Items from a data source:
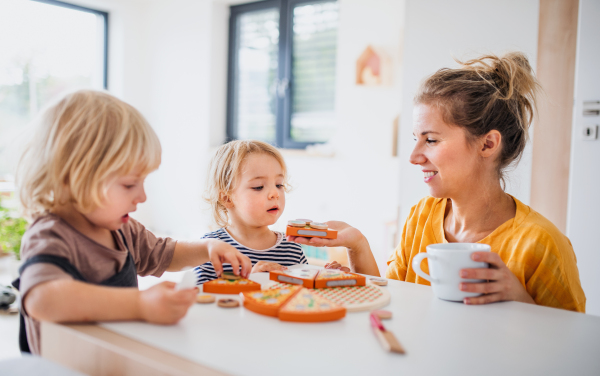 Mother with two small children indoors in bedroom playing with wooden toys.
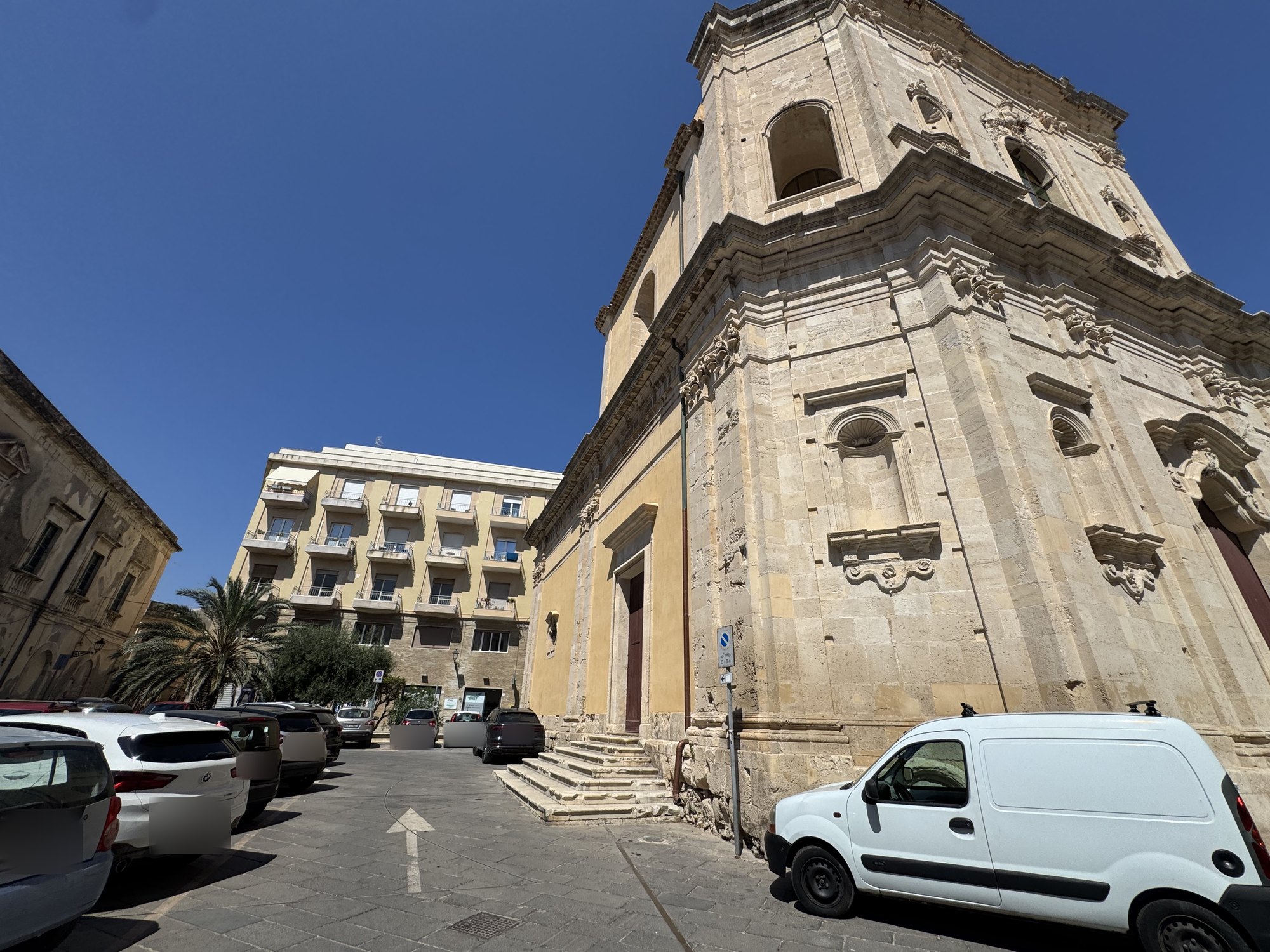 Fianco della chiesa intonacato di ocra con portale laterale e gradini, sullo sfondo un condominio moderno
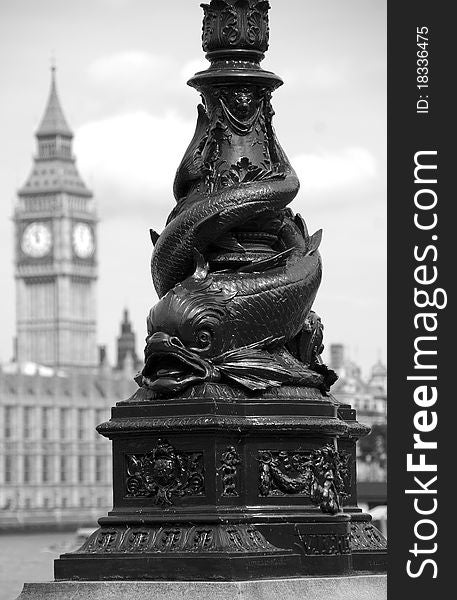 An ornate fish carved lamp post sits in the foreground while Big Ben stands tall in the distance. An ornate fish carved lamp post sits in the foreground while Big Ben stands tall in the distance.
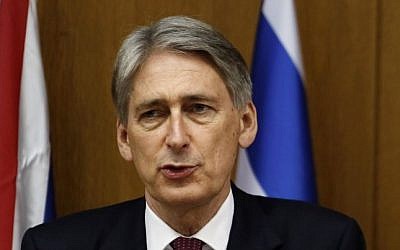 British Foreign Secretary Philip Hammond speaks during a joint press conference with Prime Minister Benjamin Netanyahu on July 24, 2014, at the Knesset. (photo credit:  AFP PHOTO/GALI TIBBON)
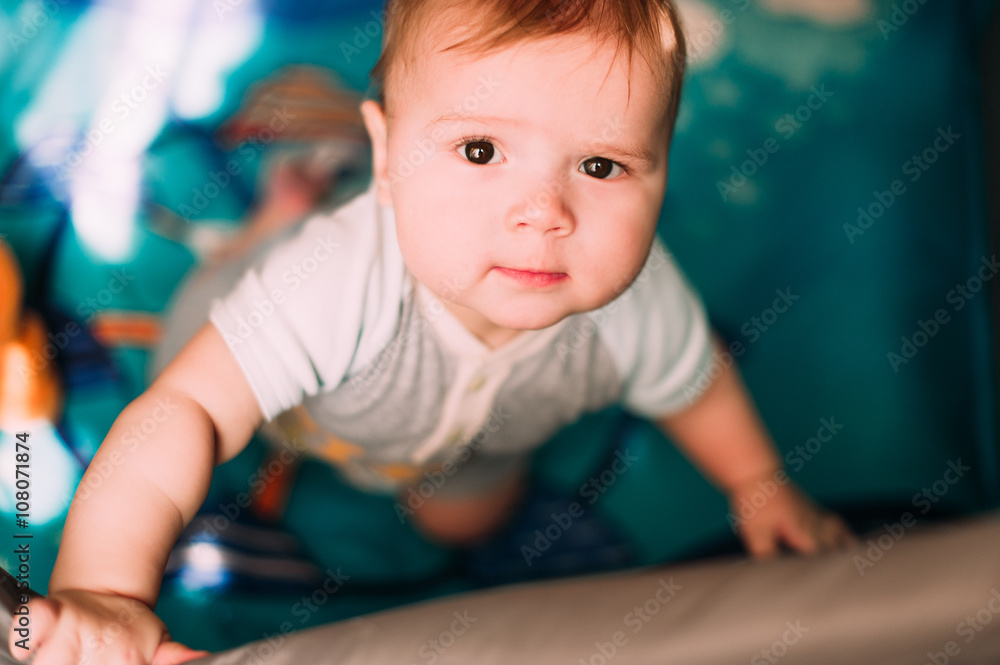 Cute little baby boy playing in colorful playpen, indoors. Beautiful child having fun at nursery. Cute little baby boy playing in colorful playpen, indoors. Beautiful child having fun at nursery.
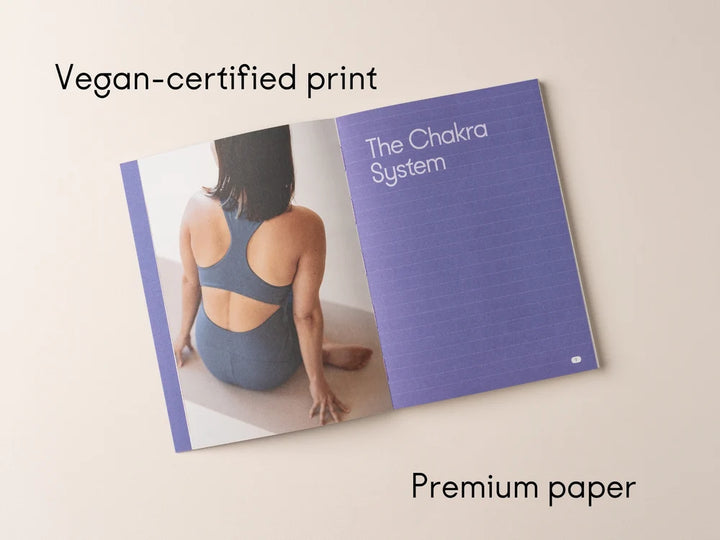 An open Chakra Flow book laid on a light beige background, showing a purple page with the title 'The Chakra System' and a printed photo of a seated person. Text above reads 'Vegan-certified print' and below reads 'Premium paper' - Yoga Journaling | Eco Yoga Store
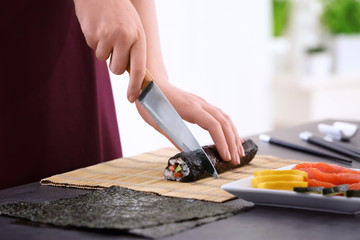 Young woman making sushi rolls at home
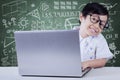 Adorable female student with laptop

### Required action
Every line from the one holding "An open Chakra" through the final line of the data above is to be reproduced exactly, both ends included, with the pictures left out.

### Answer to this exercise
 An open Chakra Flow book laid on a light beige background, showing a purple page with the title 'The Chakra System' and a printed photo of a seated person. Text above reads 'Vegan-certified print' and below reads 'Premium paper' - Yoga Journaling | Eco Yoga Store
 Young woman making sushi rolls at home
 Adorable female student with laptop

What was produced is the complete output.